---- Supplied data
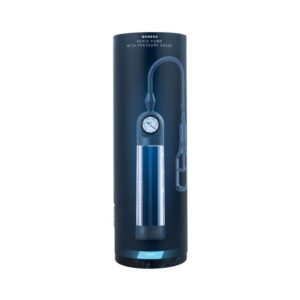 Penis pump | Upgrade your sex doll experience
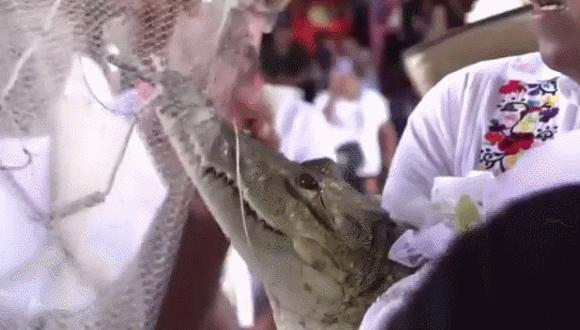 阿尔法罗密欧8C为何让收藏家多花50万也要抢？揭秘经典车保值密码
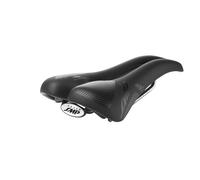 Selle Smp Selle Trk Hybrid 275 x 140 mm Black Matt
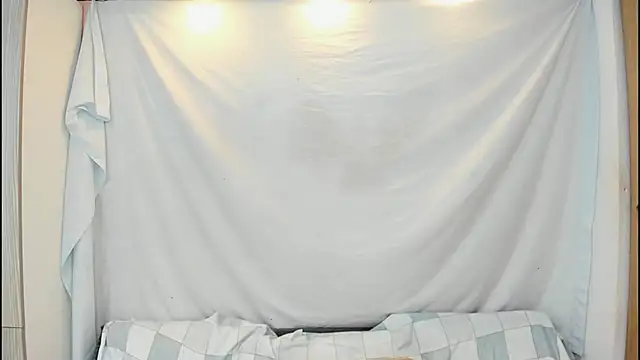 Mhelanny2's cam snapshot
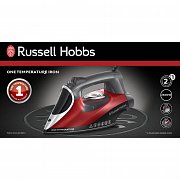 25090-56 ŽEHLIČKA NAPAŘ. RUSSELL HOBBS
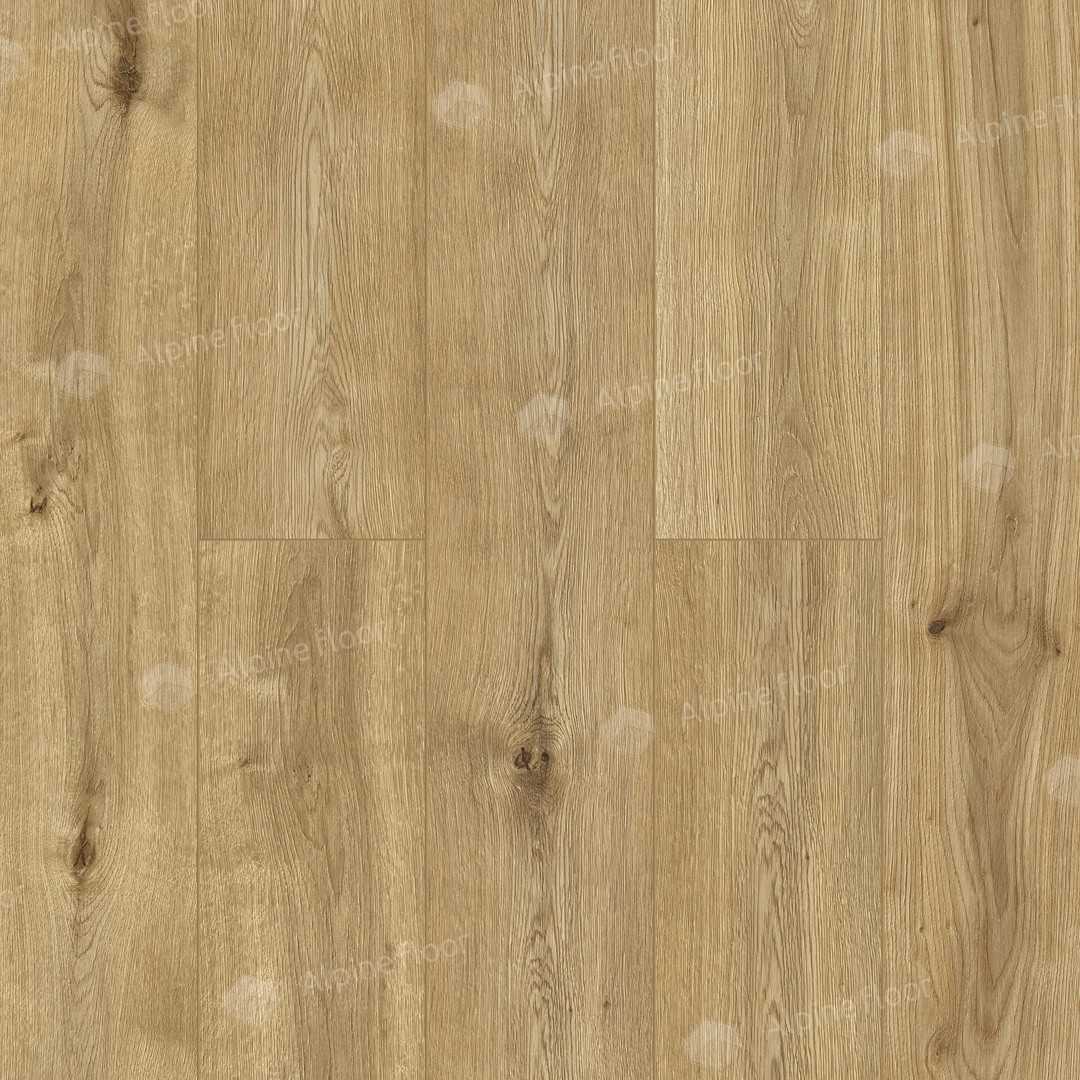 Ламинат "Alpine Floor" Дуб Копенгаген (1285*192*8 мм) — купить в Иваново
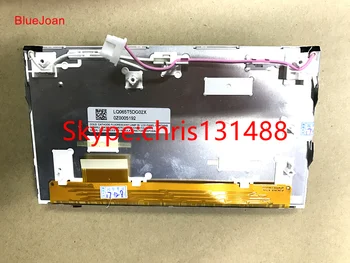 

LQ065T5DG02 New Original 6.5 inch 400*240 LCD Screen Panel Display for JEE-P Sirius Car GPS Navigation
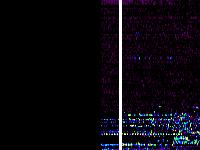No data: 21-22 UT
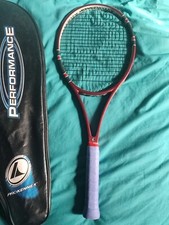 Pro kennex Redondo type C Mp 98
--------
• [Assigned task] Give again, word for word, the lines above from the one with "LQ065T5DG02 New Original" through the final line of the data, both ends included. Do not copy any picture.

• [Task output]
LQ065T5DG02 New Original 6.5 inch 400*240 LCD Screen Panel Display for JEE-P Sirius Car GPS Navigation
No data: 21-22 UT
 Pro kennex Redondo type C Mp 98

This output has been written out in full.